Last week, the Franciscan Friars Conventual from Our Lady of the Angels Province invited the Franciscan Action Network and the DC/MD/VA chapter of Interfaith Power and Light to join in a Forum and Symposium on Environmental Justice and Service to Vulnerable Populations (held at our Shine of St. Anthony in Ellicott City, MD). The goal for the gathering was to bring together peoples of various faiths, government officials, and other interested parties to discuss greater coordination and collaboration on issues pertinent to the protection of the environment, public health and other quality of life concerns which were elevated by Pope Francis’ encyclical “Laudato Si: On Care for Our Common Home.”
At Wednesday’s (April 11, 2018) interfaith St. Francis Forum, participants listened to faith leaders from the Jewish, Muslim, and Hindu traditions as well as from the Lutheran, Methodist, Quaker, Evangelical, and Catholic/Franciscan traditions. (Pictured at left are Christopher Fici – writer/minister/teacher of the Hindu Gaudiya Vaisnava tradition; Sr. Joan Brown, OSF – Executive Director of the New Mexico Interfaith Power & Light; Rabbi Fred Dobb – Adat Shalom Reconstructionist Congregation in Bethesda, Maryland, serving on the Coalition on the Environment and Jewish Life, Shalom Center, Religious Witness for the Earth, and Greater Washington Interfaith Power and Light) Each half hour presentation included ample time for a larger group discussion, which often demonstrated the many similarities within our traditions while nuancing differences in approach to environmental justice issues.

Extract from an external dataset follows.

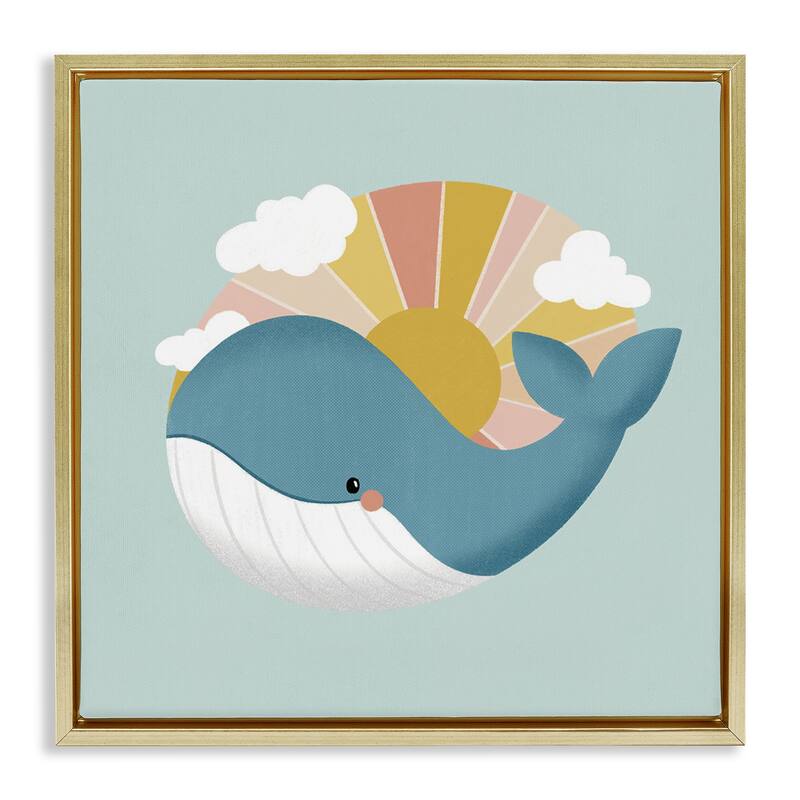 Stupell Whale & Sunshine Rays Framed Floater Canvas Wall Art Design By Sarah Hickman - 25 x 25 - Gold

Each presenter was then partnered with a friar of the province and other participants to continue the discussions in small groups. (Pictured at right) These groups will eventually put forward pastoral applications as to how interfaith cooperation might bring about practical pastoral applications in our various communities. The fruits of these discussions will be shared later this summer.
Thursday’s (April 12, 2018) Spirit of Assisi Symposium brought together the faith-based community with federal agencies for three panel discussions on environmental justice and service to vulnerable communities. We discussed ways of enhancing collaboration and finding new avenues of partnership in service to at risk communities. The federal government, sent representatives from the US Department of Agriculture, General Services Administration, Department of Labor, Environmental Protection Agency, Department of Justice, Department of Interior, Department of Homeland Security, Health and Human Services, Housing and Urban Development, and the Department of Energy.
The symposium ended with an interfaith blessing of the fields and Little Portion Farm. The friars were joined by the farmers of Mary’s Land Farm, representatives of the Franciscan Center in Baltimore, interfaith leaders, members of federal agencies and the faithful who attended the 12 noon Mass at the shrine, as well as the shrine staff and other visitors.
A special thank you to Friars Michael Heine (pictured here), Julio Martinez, Dennis Mason, Gary Johnson, Ed Falsey, Michael Lorentson, James McCurry, Douglas McMillan, Donald Grzymski, and Eric de LaPeña; as well as Joseph Hamilton (Lay Mission Advancement Director – Franciscan Mission Association) for their participation in these days. In addition, much appreciation is owed to Friar Joseph Dorniak, OFM Conv. who sketched the logo (above) of St. Francis used for the events.
On the following Sunday Friar Michael Lasky, OFM Conv. (Chairman of the Justice, Peace and Integrity of Creation Commission for our province) traveled to Shamokin, PA with a representative of the EPA for a stakeholder’s dinner organized by the local friars, in relation to the projects of sustainable development in partnership with Bucknell University.
Over the past several days many notes of thanks have been received, commending the friars for envisioning such interfaith gatherings and including government representatives. Many expressed how their long-held hopes for such a gathering were finally realized through our efforts in a productive and practical manner. One Daughter of Charity even mentioned how the symposium inspired her to go home and see what her local government in Prince Georges County (Maryland) is doing in relation to environmental justice and service to vulnerable communities. She has a meeting already set up with local government officials next month.
A special thanks to the staff of the shrine for hosting the event. Mr. Munjed Murad, our Muslim presenter who is a doctoral student of Islamic and Christian Studies at Harvard, offered this thought on the event and its location at the shrine. “This [building] is a place where great things happen, and I am honored to be a part of so great a gathering.”